Non sono una maniaca delle date, anzi, solitamente cancello il passato in un attimo, ma ho dovuto produrre tanti di quei certificati di morte che, anche volendo, non è stato proprio possibile dimenticare un bel niente.
Cosa è successo nel frattempo?

Principalmente ho lavorato.
Ho fatto un bel viaggio.
Ho vissuto a casa sua per quasi due mesi.
Mi sono lasciata coccolare (anche se, essendo sua figlia, mi rendo conto che scalfire sta corazza che mi ritrovo non sia semplice).
Ho preso tre chili, li ho persi, li ho ripresi.
Ho iniziato i lavori a casa mia, o meglio, ho iniziato a inscatolare tutto nell'attesa che comincino lavori.
Ho percorso venti chilometri di Mare e Monti.
Ho pianto riempiendo le scatole, vuotandole, dormendo, ascoltando musica, camminando, leggendo, andando al mare, facendo la doccia, svegliandomi, bevendo, aspettando il bus, buttando vestiti, scegliendo piastrelle, scrivendo agli amici, ordinando una birra, vomitando, tagliandomi la frangia alle tre del mattino, accarezzando la gatta, salutando l'ennesimo airone.
Ho letto (poco).
Ho nuotato (ancora meno).
Ho cucinato (quasi niente).
Ho parlato con una foto, un cielo, una stella cadente, un appunto su un foglietto, un fiore, una maglia, un anello, una focaccetta fritta, un portafoglio, un odore, un albero, una seggiola, una ciotola, un sapone...
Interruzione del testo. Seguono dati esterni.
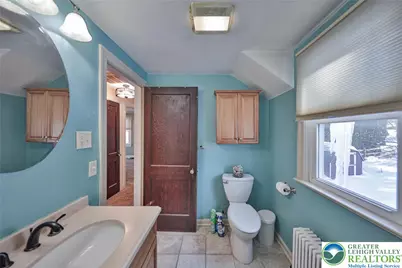 2364 Gruver Avenue, Palmer Twp, PA 18045 - Photo 37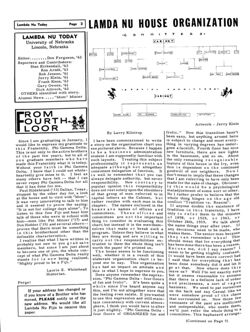 647735a38a0867.13010984.pdf page 2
Sono passati quasi sette mesi e mi sto sgretolando come la Torre d'Avorio di Fantàsia, completamente impreparata a questo crollo tardivo.
Sarà colpa delle scatole piene di foto, dei suoi documenti perfetti e pronti per il dopo, dei miei incasinati e sempre insufficienti, dei cambiamenti inutili perché non glieli posso spiegare, delle conquiste superflue perché senza i suoi occhi valgono meno.
Beninteso, so perfettamente che non è così, so benissimo che questi post non si dovrebbero scrivere, tanto meno pubblicare, ma quel 23 marzo alle 14.40 un'auto ha toccato il fondo del lago, sopra c'erano mia madre, mia sorella e la mia migliore amica, in quest'ordine, alla faccia di tutti i manuali di pedagogia e delle nostre più profonde convinzioni. Hanno impiegato sette mesi ad affondare, sapevo e sapevamo sarebbe successo, potevamo solo aspettare cercando di rassicurarci a vicenda.
Ora, però, sono rimasta io e la carcassa di quell'auto sta tornando a galla. Non ho il coraggio di guardarci dentro e non voglio farlo: non ho paura, è solo che sono incredibilmente stanca, come se avessi corso dieci anni ininterrottamente.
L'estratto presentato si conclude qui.